Starzhenetskaya’s work can be characterized as abstracting figurative with a strong expressionist method. She sets up her compositions large and strong, with a broad brushstroke and a loose but powerful touch. Still lifes and landscapes make up a large part of her oeuvre, in which the color areas are warm in tone and elaborate, but never painted tight. The balance between abstraction and figuration, which we encounter in the work of her great compatriot Wassili Kandinski before he went to full abstraction, is recalled in Starzhenetskaya’s paintings. She also shares with him the view that color has its own, autonomous effect, without losing the substance of the painting. “Color must be portrayed associatively, so that the substantive expressiveness of the work can be strengthened”, she says. She sees colors – just like Kandinski – as sounds and the artist needs a good ‘hearing’ to find his own voice, read ‘path’, among all the sounds.

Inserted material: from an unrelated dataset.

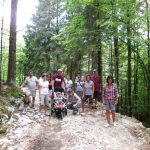 monte corno 13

Painting Irina Starzhenetskaya sees as associatively following a path that can find its course from silence and emptiness. It is not the rational will, but the desire and the openness to what you encounter while painting that determines the creation of a work of art. “You do need the will to correct mistakes,” she says.
Spirituality plays a major role in her work. It is not surprising that, in addition to her free work, she also painted a Russian Orthodox church according to the Byzantine canon with great religious devotion. This church is located in the old town of Tarusa, 100 km south of Moscow, and is also the last residence and resting place of her great compatriot the writer Konstantin Paustovski. Her intriguing landscapes and still lifes have been created with the same integrity and with the same talent with which she has portrayed New and Old Testament scenes.